Records drawn from a dataset

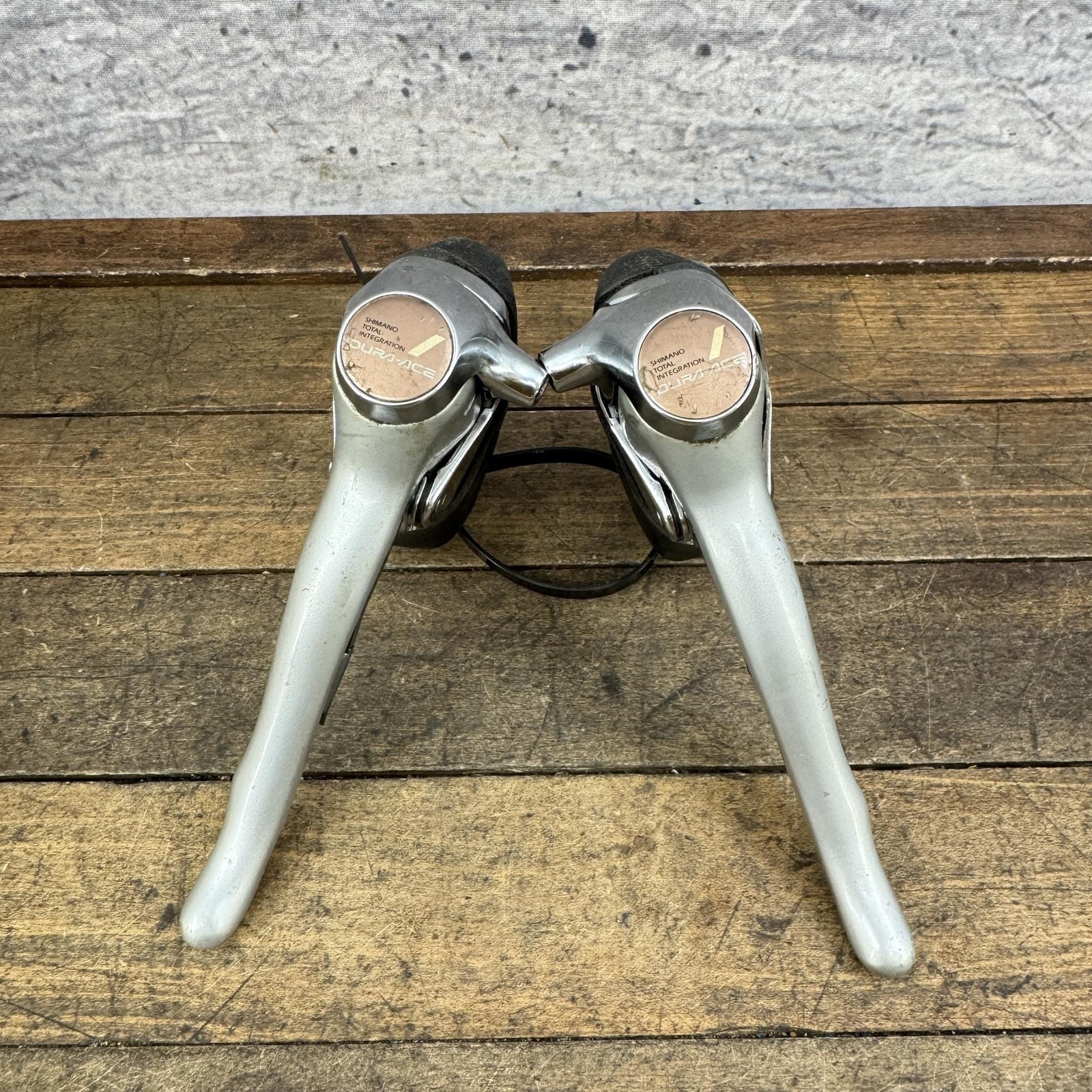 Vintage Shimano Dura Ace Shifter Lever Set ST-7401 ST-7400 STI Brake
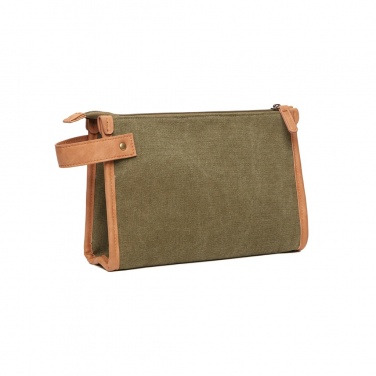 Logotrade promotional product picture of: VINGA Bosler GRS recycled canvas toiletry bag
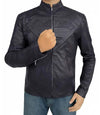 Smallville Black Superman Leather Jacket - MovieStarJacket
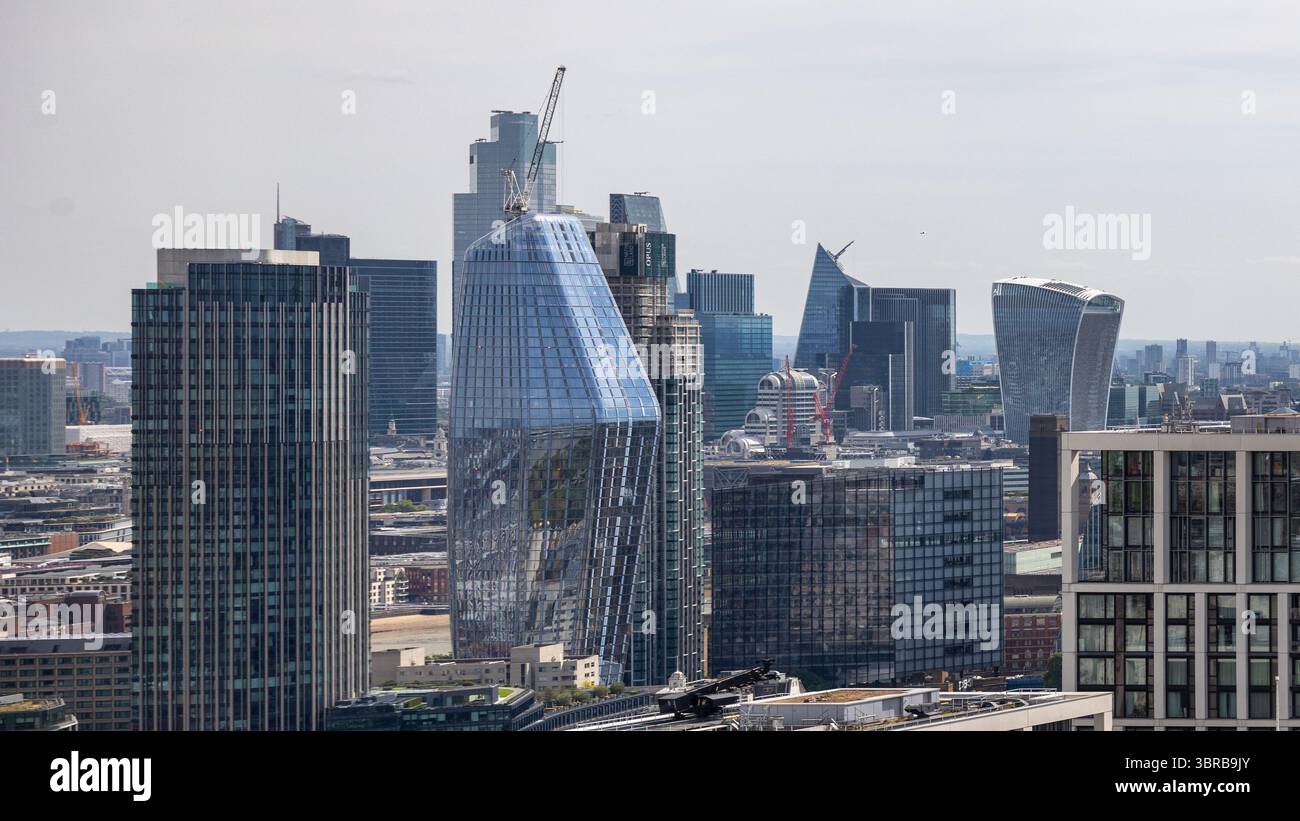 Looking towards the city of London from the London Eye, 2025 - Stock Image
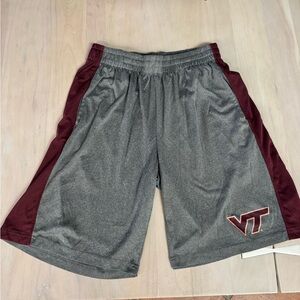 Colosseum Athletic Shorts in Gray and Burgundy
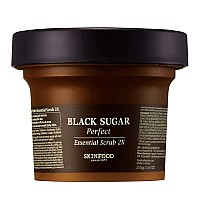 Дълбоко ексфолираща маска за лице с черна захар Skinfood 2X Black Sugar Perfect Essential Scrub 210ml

**Exercise requirements**
Please give an exact copy of the lines from the line containing "Colosseum Athletic Shorts" through the end of the records above, pictures excluded.

**Answer to this problem**
 Colosseum Athletic Shorts in Gray and Burgundy
 Дълбоко ексфолираща маска за лице с черна захар Skinfood 2X Black Sugar Perfect Essential Scrub 210ml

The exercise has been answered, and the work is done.